Anni ’80

All’inizio degli anni Ottanta La Pietra si presenta (anche grazie alla frequentazione di Eco, Dorfles e Bettetini) con una forte intenzionalità teorica e progettuale intorno alla categoria “memoria”. Egli ritiene che la crescita dei sistemi legati alla telematica e all’informatica porterà alla perdita della memoria tradizionale (tridimensionale) per la crescita di una nuova memoria (bidimensionale).

E’ tutto leggibile nella mostra “Cronografie” del 1980 alla Biennale di Venezia, nel suo libro “Pro-memoria”, nel progetto “La casa telematica” del 1983 e nel film “La memoria tridimensionale” del 1980: alcuni momenti in cui egli comunica le proprie teorie, concretizzandole in eventi spettacolari.

Gli anni Ottanta lo porteranno ad affrontare uno dei procedimenti creativi più difficili: conciliare concettualità e spettacolarità. Ma proprio la sua più che decennale frequentazione dell’arte “concettuale” lo aiuterà ad affrontare il decennio (troppo spesso connotato da fattori spettacolari), combinando spesso felicemente le due categorie. Una combinazione che all’inizio del periodo troviamo nelle sue opere (mostra “L’intelligenza dell’effetto” a Palazzo Dugnani a Milano), nei suoi progetti (progetto di ristrutturazione dell’Orto Botanico a Milano, dell’Orto Botanico a Palermo, del parco urbano Ex Manifattura Tabacchi a Bologna) e negli oggetti come le ceramiche “Vasi per giardini e giardini per vasi”.

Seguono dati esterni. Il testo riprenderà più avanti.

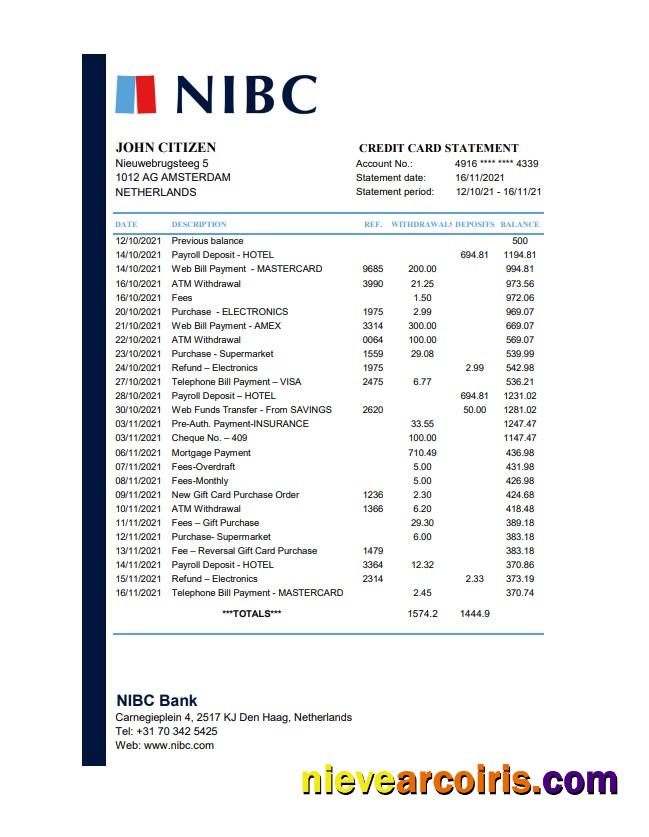 Netherlands NIBC Bank Excel Pdf Sample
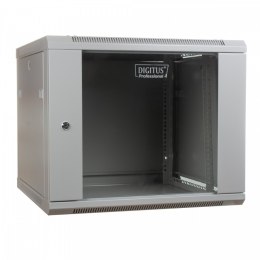Szafa sieciowa wisząca 19 cali 9U rack 600x600, drzwi szyba, niedzielona, niezłożona, Szara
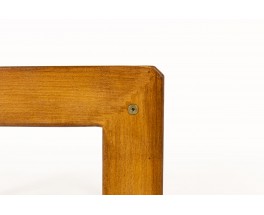 Table basse André Sornay petit modèle hêtre teinté et stratifié gris 1960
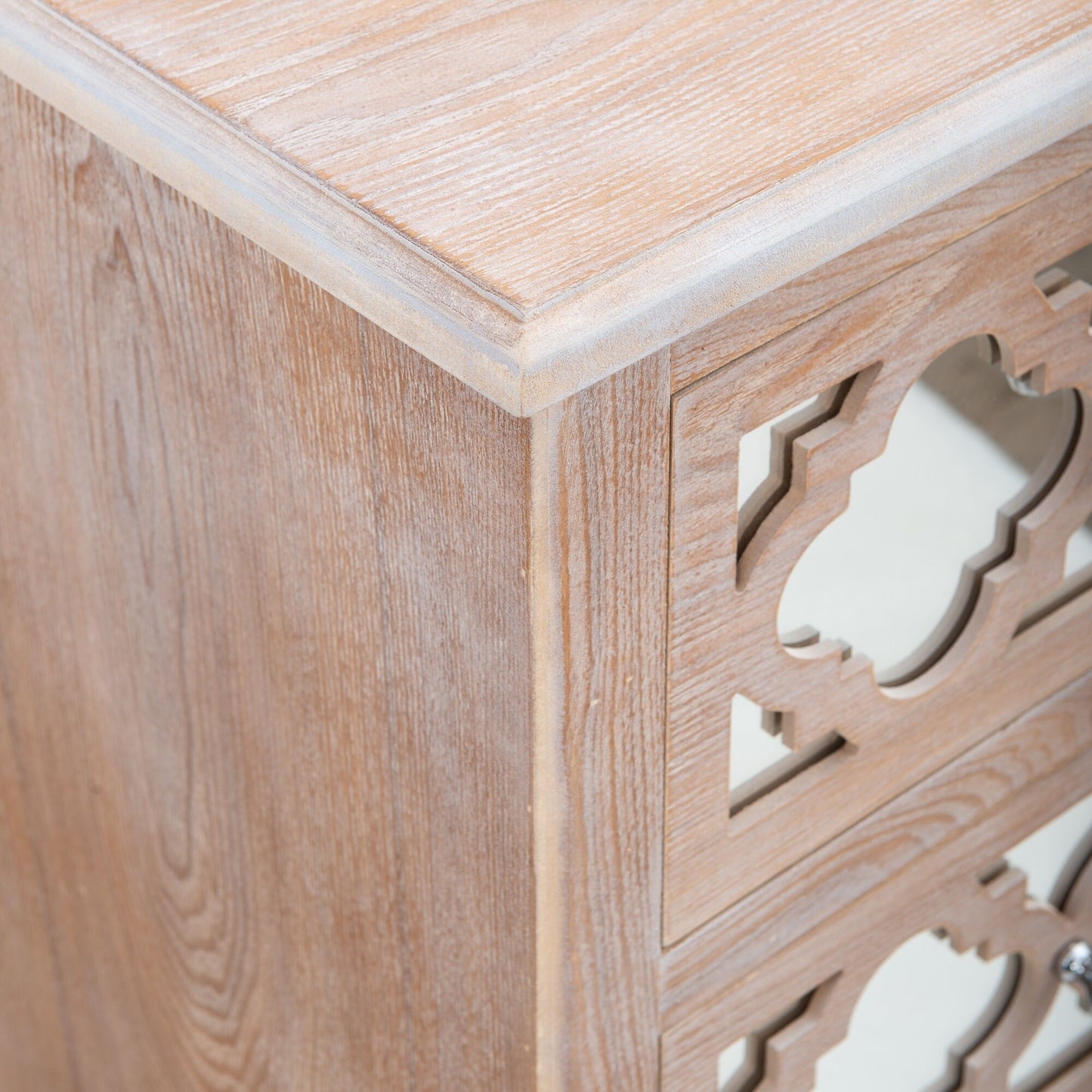 Washed Oak Effect Mirrored Tallboy Chest of Drawers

Il “Giardino del ‘700”, luogo di piacere e di contemplazione, sarà il riferimento teorico culturale e spesso anche formale per esprimere al meglio la combinazione concettualità-spettacolarità; così una panchina non sarà solo un luogo per una piacevole sosta ma anche un osservatorio da cui è possibile guardare, intravedere, contemplare…

Su queste premesse, il suo lavoro sarà spesso a contatto con le ricerche dell’inizio degli anni Ottanta, come quelle del design (Memphis e Alchimia) o dell’architettura (postmoderno); ma la sua posizione, proprio per i continui riferimenti alla memoria, alla spettacolarità e alla concettualità, si esprimerà ben presto a favore di un neo-eclettismo capace di usare con disinvoltura le diversità. Tale percorso lo porterà ad esplorare aree sempre più nascoste, poco frequentate per quella sua radicata convinzione di “operare superando tutti i tabù”.

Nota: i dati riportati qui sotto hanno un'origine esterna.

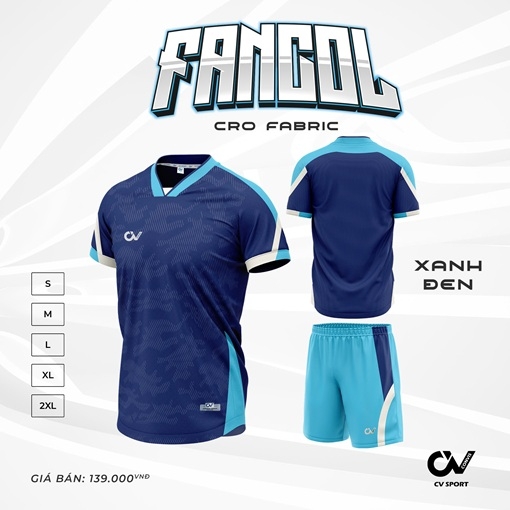 Áo bóng đá không logo CV Sport FANCOL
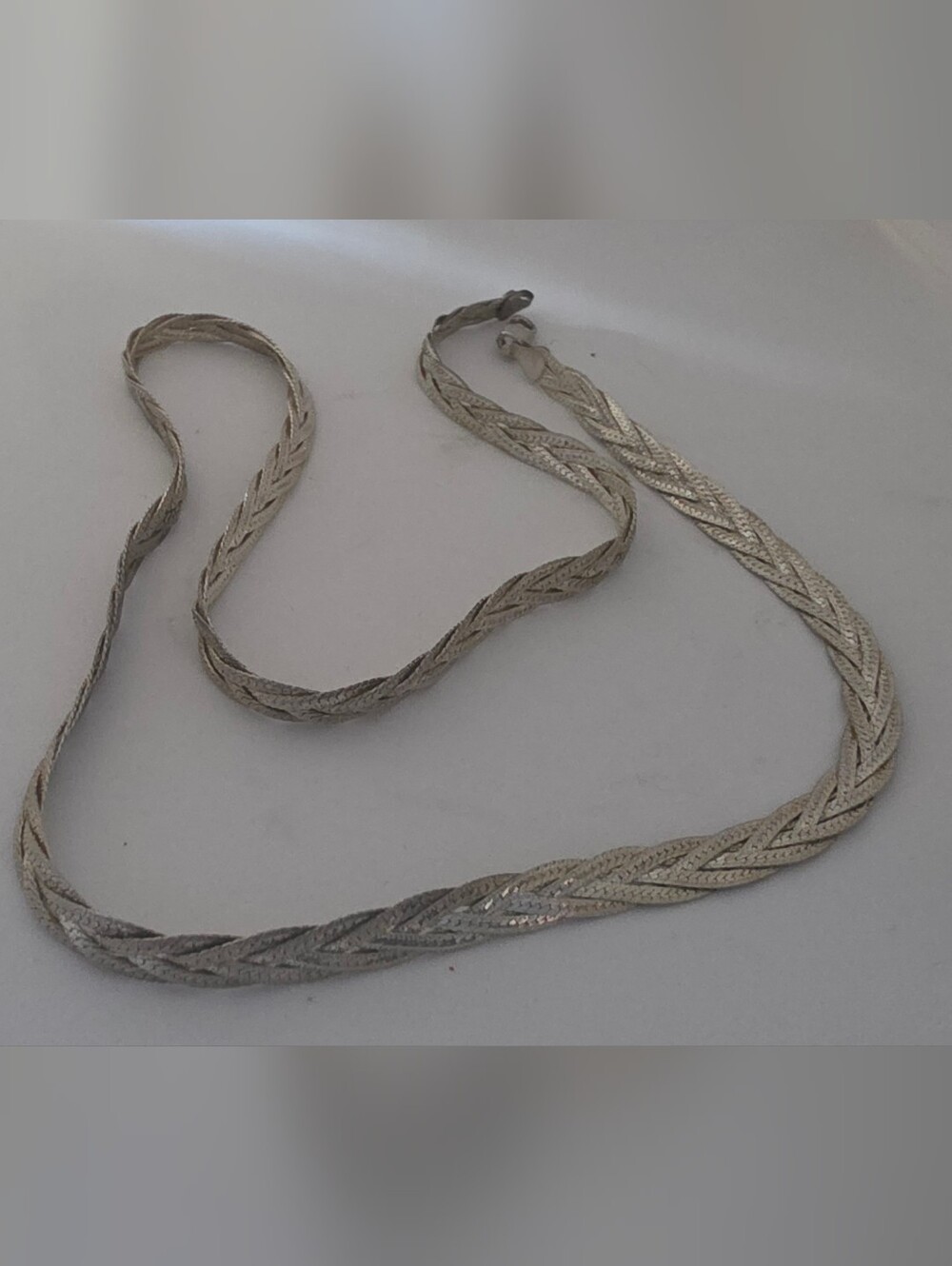 .925 SS Italian Herringbone  Braided Rapunzel Chain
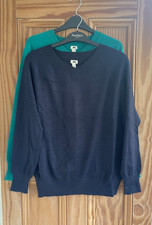 EX River Island Brand New Soft Feel V Neck Jumper Navy Blue Green Size S - XXL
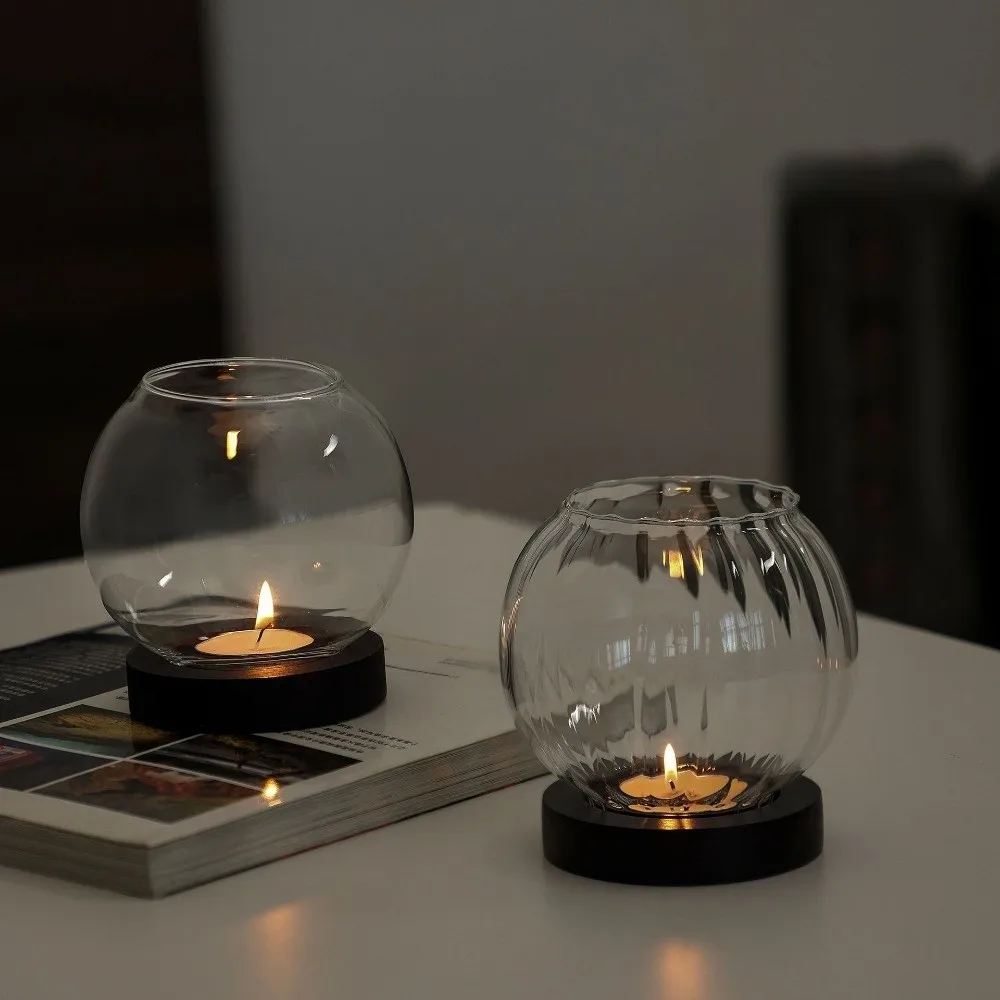 Ins Transparent Candle Holder Glass with Wooden Base Candlesticks Oil Lamp Shape Round Tealight Wedding Party
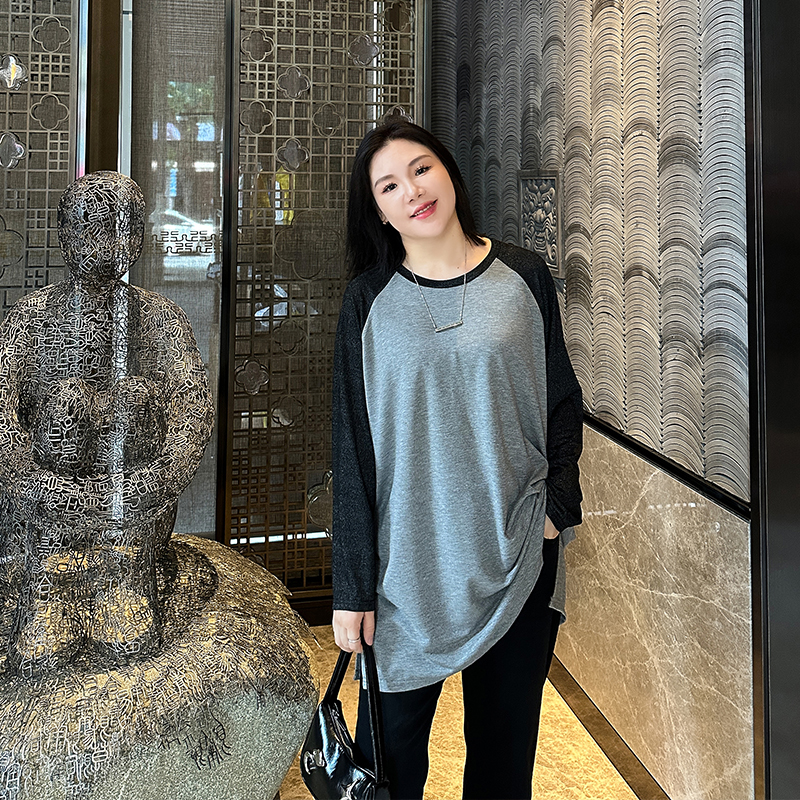 长版针织衫大尺码女装200t斤加肥加大上衣胖妹妹mm撞色圆领长袖T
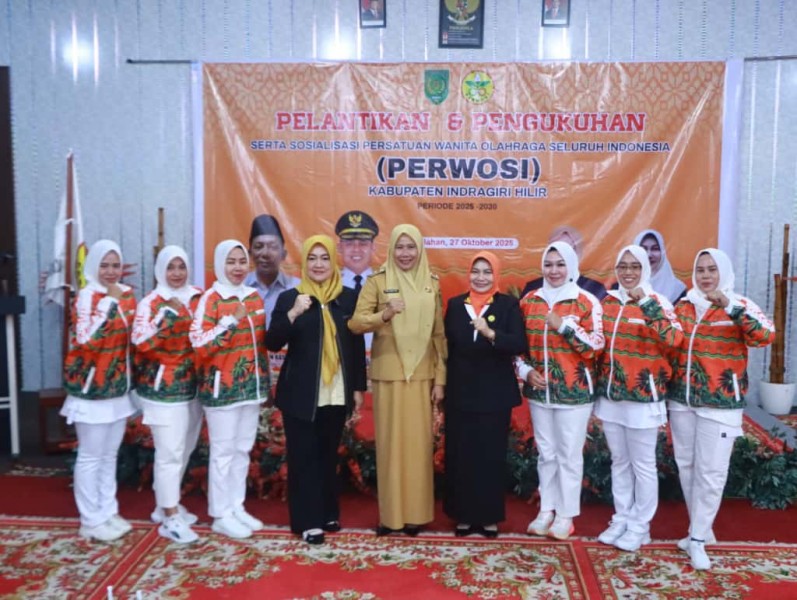 Katerina Susanti Dilantik sebagai Ketua PERWOSI, Wabup Harap Wanita Inhil Makin Giat Olahraga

Egli abbatte l’ultimo tabù della nostra cultura materiale, guardando con maggiore attenzione al mondo che produceva oggetti (mobili) in stile. Il mobile classico (“in stile”) era, fino alla metà del decennio, appartenente ad un’area di produttori/artigiani spesso definiti “falsari” e che rifacevano oggetti del passato. Con il film “Classico-contemporaneo” del 1985, egli rilegge quest’area culturale, riportando il “fatto a mano”, la “riedizione”, “le tecniche tradizionali da rinnovare con il progetto” all’attenzione del mondo culturale e produttivo.

Nelle mostre Abitare il tempo presso la Fiera di Verona, Abitare con arte presso l’ex chiesa di S. Carpoforo a Milano egli dimostra, attraverso opere proprie e di centinaia di artisti, architetti, designer (coinvolti a collaborare, spesso per la prima volta, con aziende del mobile classico e della tradizione) come, in questa collaborazione, sia possibile riscoprire il valore della materia e della sua trasformazione, delle tecniche tradizionali riproposte per un progetto contemporaneo.

In altre esplorazioni, come quella della cultura balneare, ritroviamo il La Pietra che percorreva alla fine degli anni Sessanta le “periferie urbane” alla ricerca delle “culture marginali”. Una serie di mostre e di seminari ripropongono all’attenzione i comportamenti, le forme, i segni di una “cultura autonoma”, quale quella balneare, in grado di produrre un sistema di segni dove egli trova ulteriori suggestioni per i suoi disegni, quadri e oggetti.

In questi anni i suoi quadri si riempiono di nuove forme, sempre più ispirate alla cultura mediterranea; gli oggetti rimandano spesso alle opere di Ponti, di cui egli è appassionato studioso: a metà del decennio scriverà la prima monografia del grande architetto, sostituendosi agli storici che per diverse ragioni non avevano saputo e voluto avvicinare l’opera di questo protagonista del nostro secolo. Ponti ed Ulrich saranno riproposti grazie a La Pietra, che con le sue monografie dimostrerà la sua attenzione nei confronti di quelle “arti applicate” dimenticate dal design italiano.

Con la mostra ad Abitare il tempo del 1987 intitolata “Genius loci”, La Pietra inizia una “crociata” alla riscoperta delle aree omogenee di cultura materiale all’interno delle quali porterà la “cultura del progetto” per la loro riqualificazione. In questi anni, sviluppa un’attività intensissima: insegna all’Istituto Statale di Monza, è professore a contratto alla Facoltà di Architettura a Palermo, Torino, Venezia, è redattore di Domus e quindi dirige la rivista Area e Abitare con Arte, organizza mostre, presenta i nuovi quadri in diverse gallerie in Italia e all’estero, suona ormai da anni due sere alla settimana con la Global Jazz Gang (al Capolinea, al Santa Tecla, al Club Due e alle Scimmie di Milano), partecipa a diversi concorsi di architettura, ma soprattutto disegna moltissimo.

Un decennio pieno di azioni, condotte sempre con entusiasmo, operando spesso all’interno delle istituzioni, ma non facendosi mai coinvolgere dalle stesse; questa posizione, dopo trent’anni di attività, lo porterà a non beneficiare di nessun riconoscimento. L’unico grande riconoscimento gli verrà, alla fine del decennio, da una delle persone che lo hanno sempre stimato: durante il Congresso Internazionale sulle Utopie a Roma, Eugenio Battisti gli conferirà il “Premio Utopia”.